Currently, I am calling the API inside a DoFn for each element in the Pcollection.

DoFn code

class textapi_call(beam.DoFn):
    def __init__(self, api_key):
        self.api_key = api_key


    def setup(self):
        self.session = requests.session()

    def process(self, element):
        address = element[3] + ", " + element[4] + ", " + element[5] + ", " + element[6] + ", " + element[7]
        url = findplace_url(address, api_key=self.api_key)
        params = {"inputtype": "textquery",
                  "fields": "name,place_id,geometry,type,icon,permanently_closed,business_status"}
        start = time.time()
        res = self.session.get(url, params=params)
        results = json.loads(res.content)
        time_taken = time.time() - start

        return [[element[0], address, str(results), time_taken]]

pipeline code:

with beam.Pipeline(options=pipeline_options) as p:
    lines = p | ReadFromText(input_file,skip_header_lines=1)
    lines_list = lines | "to list" >> beam.Map(parse_csv)
    res = lines_list | "API calls" >> beam.ParDo(textapi_call(api_key))

How can I modify the code to make the API calls asynchronous or concurrent? I could not find any examples relating to this in python.

I want to mainly improve the performance. Please let me know if there is another way to make the API calls faster in beam apart from horizontal scaling.


Solution

  • For something like this, where you're spending most of your time waiting for external services, there are a couple of ways to speed things up.

    The easiest would be to use something like BatchElements followed by a DoFn that would process a whole batch in parallel. This works best when the service in question has a batch API, but one can do it manually as well, e.g.

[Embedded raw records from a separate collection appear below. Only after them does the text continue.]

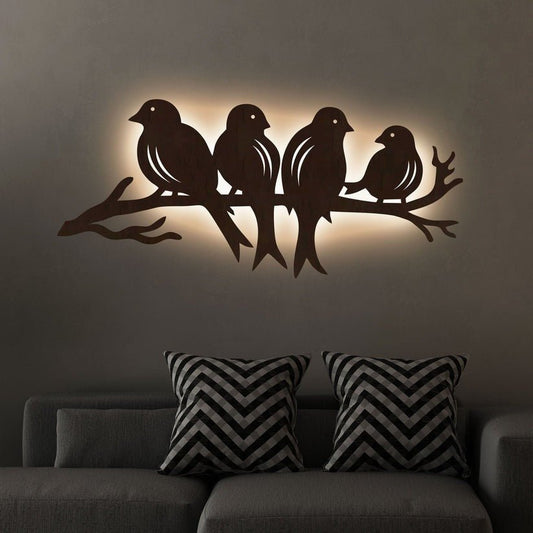 Birds Sitting on Branch Backlit Wooden Wall Decor with LED Night Light Walnut Finish - Decor Smart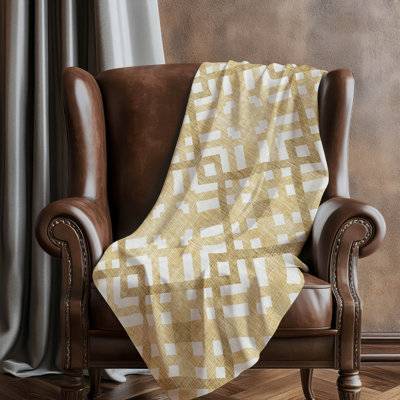 Addison Rugs Washable Sherpa ASB616 Geometric Throw Blanket Blankets Gold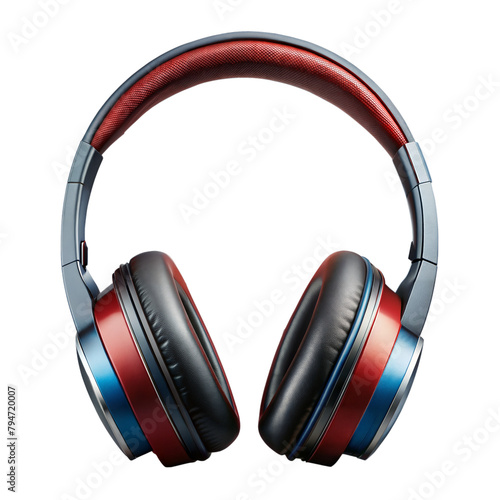 Wireless Over-Ear Headphones With Red Accents on Transparent Background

    class ProcessBatchDoFn(beam.DoFo):
      def setup(self):
        self.session = requests.session()
        self.executor = concurrent.futures.Executor(...)
    
      def process(batch_of_elements):
        urls = [element_to_url(e) for e in batch_of_elements]
        for element, result in zip(
            batch_of_elements,
            self.executor.map(self.session.get, urls))
            yield element[0], url, str(result)  # or whatever is needed downstream
    

    used as

    with beam.Pipeline(options=pipeline_options) as p:
        lines = p | ReadFromText(input_file,skip_header_lines=1)
        lines_list = lines | "to list" >> beam.Map(parse_csv)
        res = lines_list | beam.BatchElements() |  beam.ParDo(ProcessBatchDoFn())
    

    Maybe using something like https://github.com/ross/requests-futures could make this simpler.

    This will work well as long as the URLs all take about the same amount of time to fetch. Anther option would be to do rolling requests, e.g.

    def ExpensivePerElementDoFn(beam.DoFn):
      def setup(self):
        self.executor = concurrent.futures.Executor(...)
    
      def start_bundle(self):
        self.pending = []
    
      def process(element):
        self.pending.append(self.executor.submit(fn, element))
        yield from self.flush_done()
        while len(self.pending) > MAX_CONCURRENT_REQUESTS:
          time.sleep(0.1)
          yield from self.flush_done()
    
      def flush_done(self):
        done = [ix for ix, future in enumerate(self.pending) if future.done()]
        for ix in reversed(done):
          future = self.pending.pop(ix)
          yield future.result()
    
      def finish_bundle(self):
        for future in self.pending():
          yield future.result()